Lord Falconer, formerly one of Tony Blair's closest allies in government, who was drafted into the cabinet in the period after the invasion of Iraq, conceded that some aspects may have to be held in private on grounds of national security.

But he added: "I think the Iraq war is one of the major events in British politics - if we are going to have an inquiry at all, then I think it's got to be largely in public."

'No difference'

Meanwhile, Alastair Campbell, who was director of communications at Number 10 when the Iraq conflict began, has said it "frankly won't make any difference" to critics of the war if the inquiry was held in private.

At a fund-raising event at the House of Commons on Thursday night, Mr Campbell said opponents of the conflict had already made up their mind, whatever comes out of the inquiry.

The prime minister has told the chairman of the inquiry, Sir John Chilcott, that he can decide to hold public sessions if he chooses.

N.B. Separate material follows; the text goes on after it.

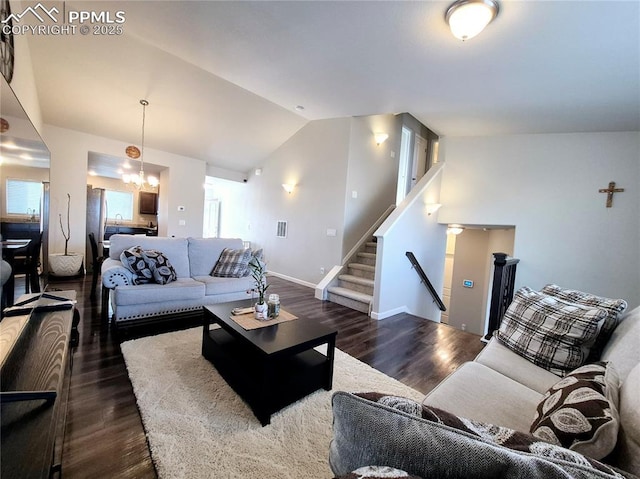 living room featuring a notable chandelier, dark wood-type flooring, and vaulted ceiling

Gordon Brown had written to Sir John to say that the families of those who died in Iraq may wish to give evidence and it would be up to Sir John to decide at their request whether to hold public sessions, his spokesman said.

Mr Brown had also asked Sir John to consider whether witnesses would give evidence under oath.

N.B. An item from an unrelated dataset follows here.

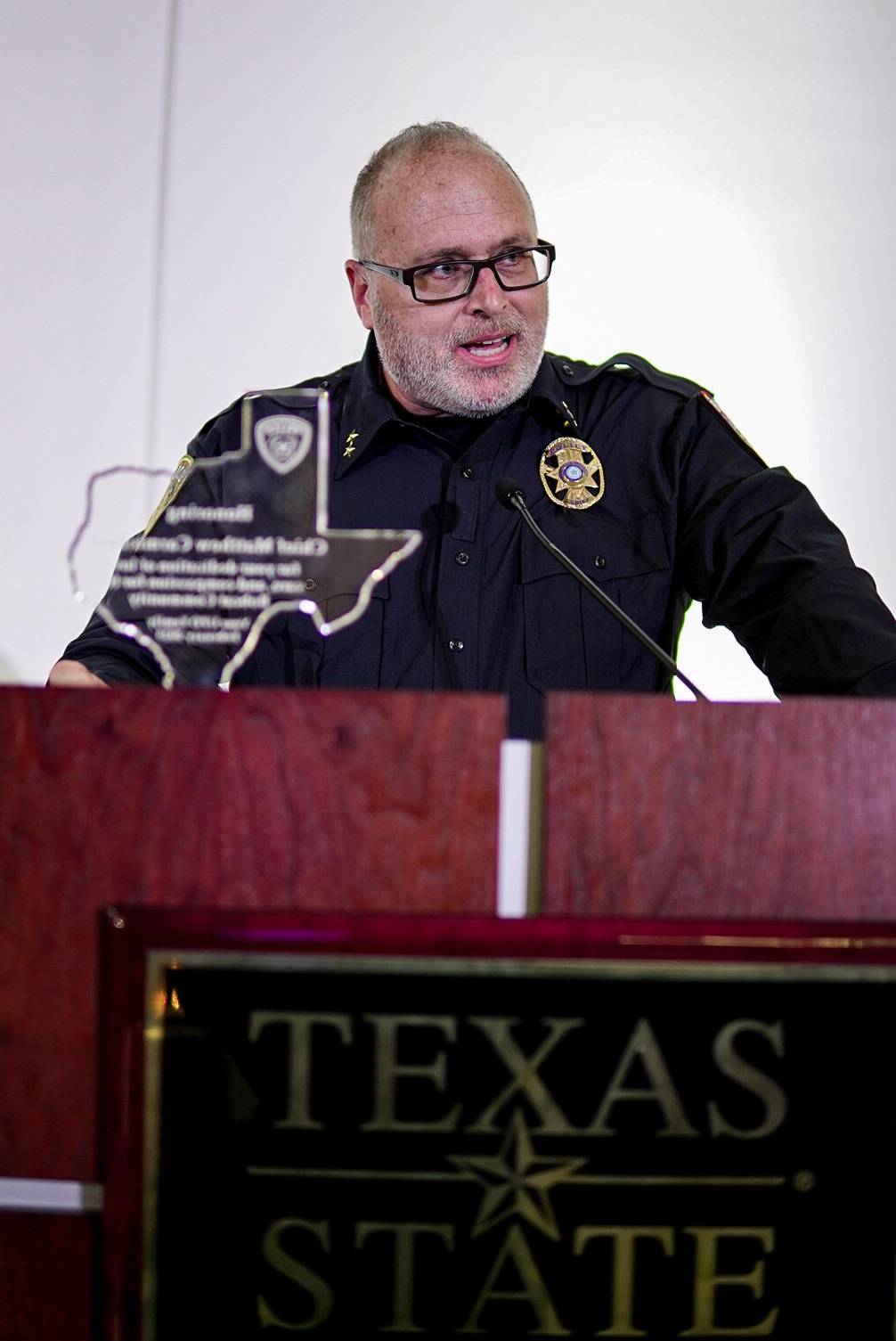 police chief standing behind podium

A growing number of public figures have called for the inquiry to be in public, following the prime minister's statement on Monday.

'Purging mistrust'

Former Conservative prime minister Sir John Major said the findings risked being denounced as a "whitewash" and said the decision to hold it in private was "inexplicable".

General Sir Michael Jackson, who was head of the Army during the 2003 Iraq invasion, told the BBC it "must be open wherever possible".

Lord Butler, a former cabinet secretary who headed a 2004 inquiry into the use of intelligence in the run up to the Iraq war also called public hearings.

He told peers: "I reluctantly conclude that the form of the inquiry proposed by the government has been dictated more by the government's political interest than the national interest and it cannot achieve the purpose of purging mistrust."

Both the Conservatives and the Liberal Democrats have been pressing for some hearings to be held in public.

MPs will debate a Tory motion next week calling for the inquiry's proceedings to be held in public "whenever possible".

The inquiry will cover the period from July 2001 to July 2009. Hearings will start next month and take at least a year.